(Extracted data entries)
*-*-*

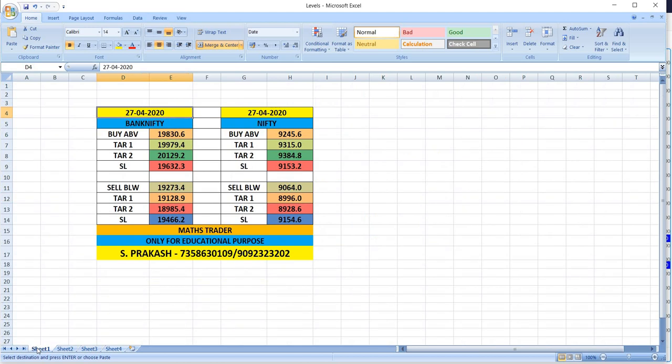Watch out the breakout levels of 27th April 2020 and trade safely. Thank you.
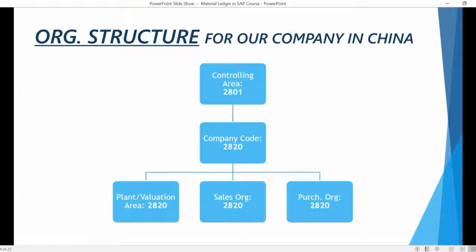This is what the organization structure for our subsidiary area in China looks like. All these enterprise structure components have been already maintained and linked with each other in IDES, so we do not need to create any of them. All of our manufacturing will be happening in this plant here. The valuation area has been defined to be on a plant level.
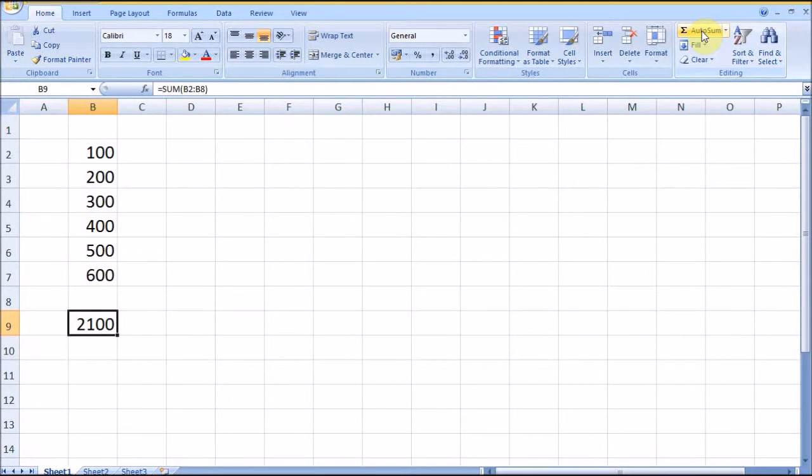Other features of the SUM formula: the SUM formula will ignore text values, logical values, and blank spaces.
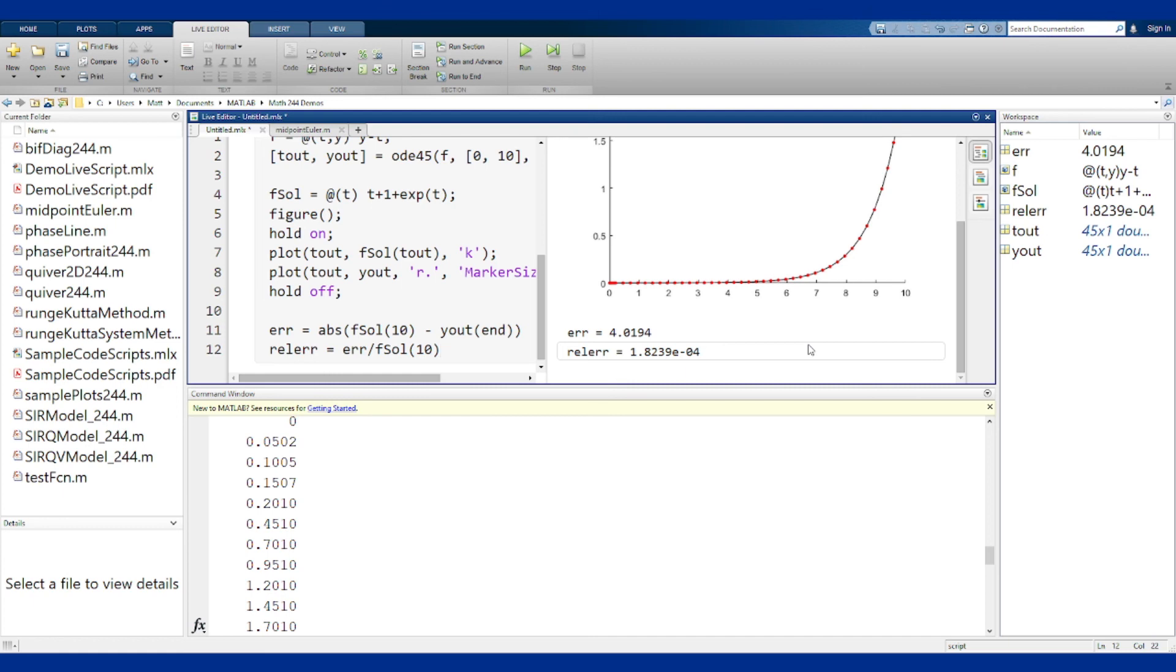We'll talk more about errors and what we can do with them in the next video, but this gives you the idea of how ODE45 works, how to use it, as well as what methods we are building from or building towards in this lab.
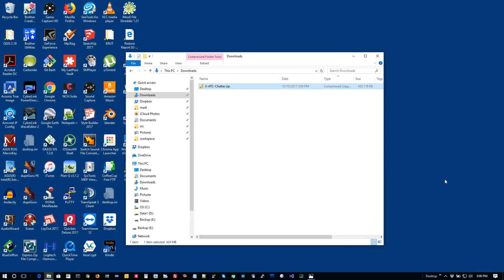When you purchase XATC Chatter you'll be given a link to download a relatively large zip file that contains all the Chatter files, the standalone player, and the manuals. The zip file is over 400 megabytes, so it will take a little bit of time to download. Once downloaded, it'll typically be in your downloads directory — that's where most browsers put these files. Once it's down, we're going to want to unzip it and take a look at the directory structure.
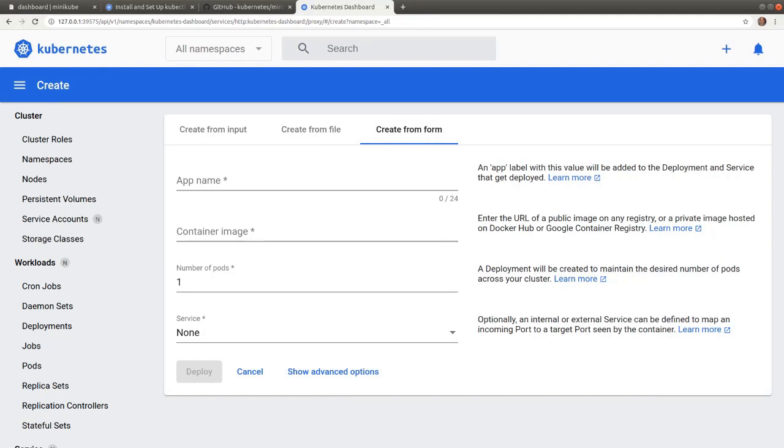So in this video, we explored the Kubernetes dashboard and its key features for managing the cluster. Thank you for watching and I will see you in the next video.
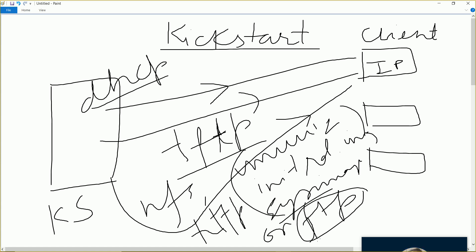My system has now got everything: my client has got an IP, it has got bootable files, it has got the operating system. Now the system will start booting — the same way as if you were putting in an OS CD. Everything the system gets from the CD, here we supply it over the network. So we configure the kickstart server and provide all the details to the client.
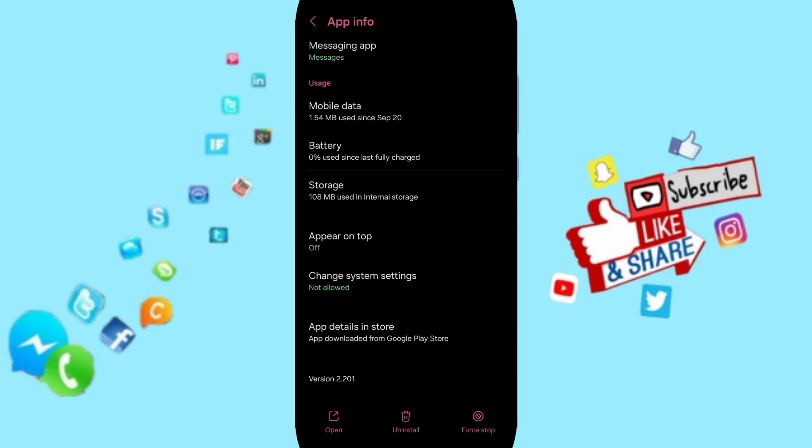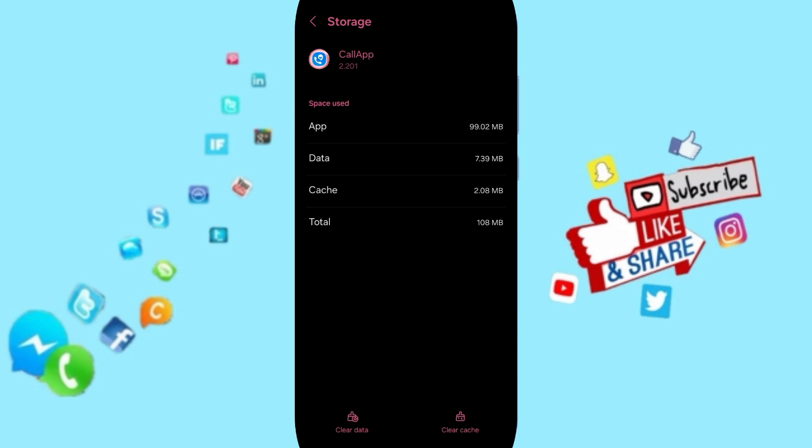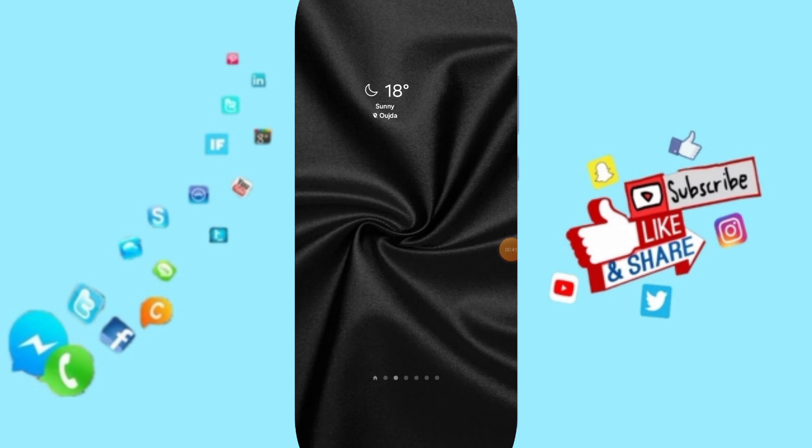Then you will enter to the window of storage and you can click here. After that you will enter to clear cache. In the end, you can turn off your phone and you can turn on your phone again to fix that problem.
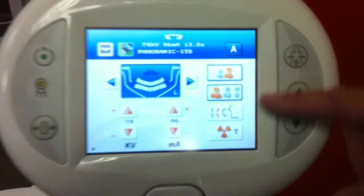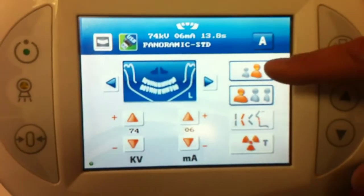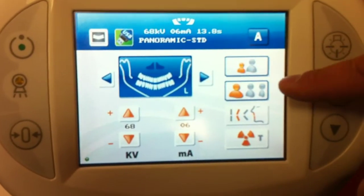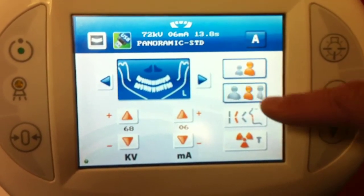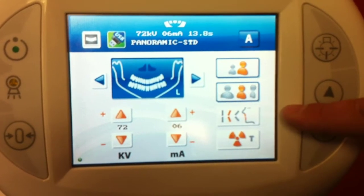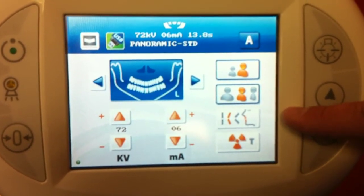Over here you select the basic information for the patient. You have adult and child settings, small, medium, and large. And here you select your anterior focal trough.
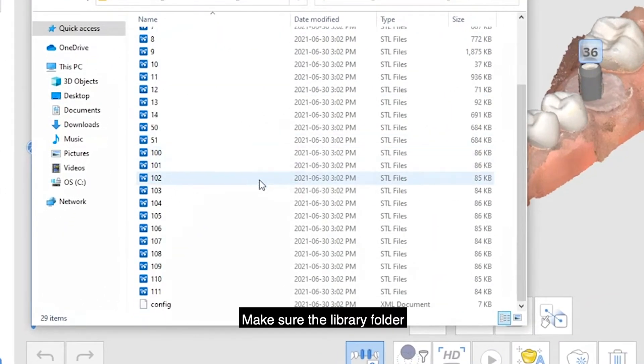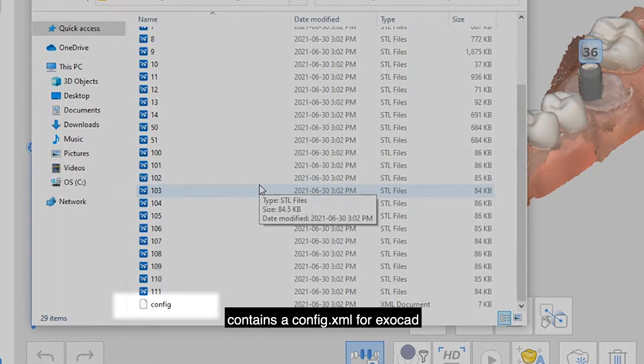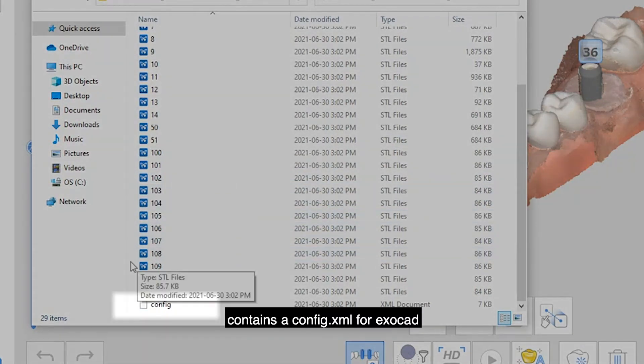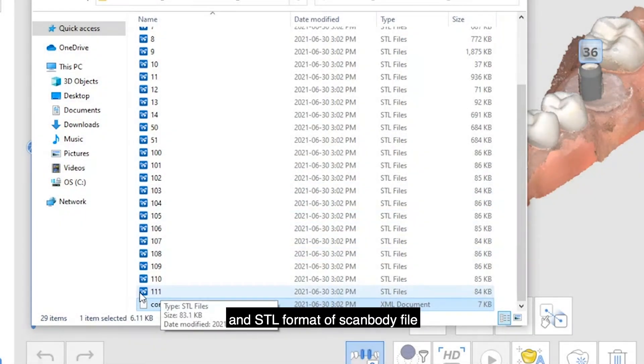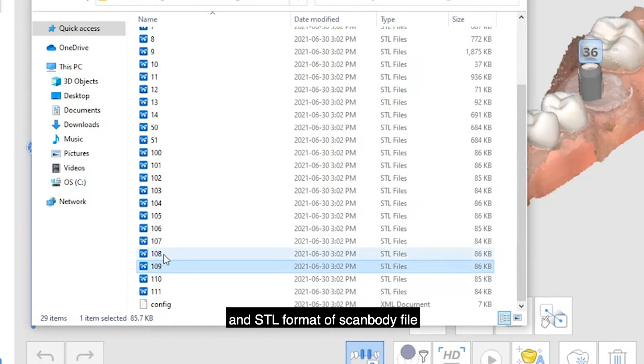Make sure the library folder contains a config XML for ExoCAD and SDL format of ScanBody file.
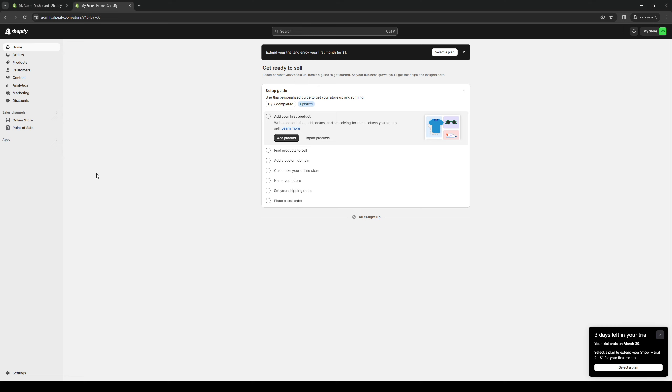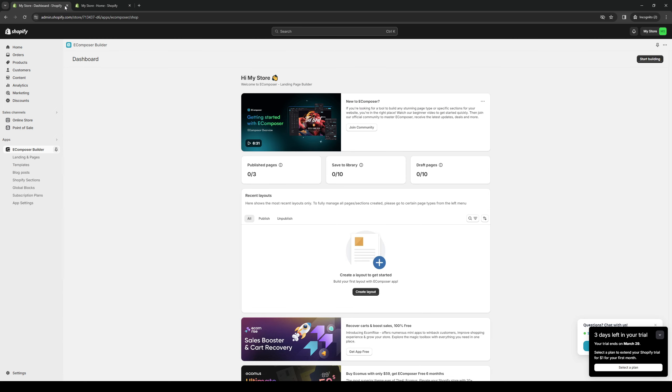log into your Shopify store manager as an administrator. As you can see, here's my account and what the dashboard looks like. I've just set up a dummy store for the sake of this video.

*-*-*

▸ **WORK INSTRUCTION**
The lines needed run from the first line of the records through the line containing "So in this video, we", both included. Restate them word for word, without pictures.

▸ **RESULT**
Watch out the breakout levels of 27th April 2020 and trade safely. Thank you.
This is what the organization structure for our subsidiary area in China looks like. All these enterprise structure components have been already maintained and linked with each other in IDES, so we do not need to create any of them. All of our manufacturing will be happening in this plant here. The valuation area has been defined to be on a plant level.
Other features of the SUM formula: the SUM formula will ignore text values, logical values, and blank spaces.
We'll talk more about errors and what we can do with them in the next video, but this gives you the idea of how ODE45 works, how to use it, as well as what methods we are building from or building towards in this lab.
When you purchase XATC Chatter you'll be given a link to download a relatively large zip file that contains all the Chatter files, the standalone player, and the manuals. The zip file is over 400 megabytes, so it will take a little bit of time to download. Once downloaded, it'll typically be in your downloads directory — that's where most browsers put these files. Once it's down, we're going to want to unzip it and take a look at the directory structure.
So in this video, we explored the Kubernetes dashboard and its key features for managing the cluster. Thank you for watching and I will see you in the next video.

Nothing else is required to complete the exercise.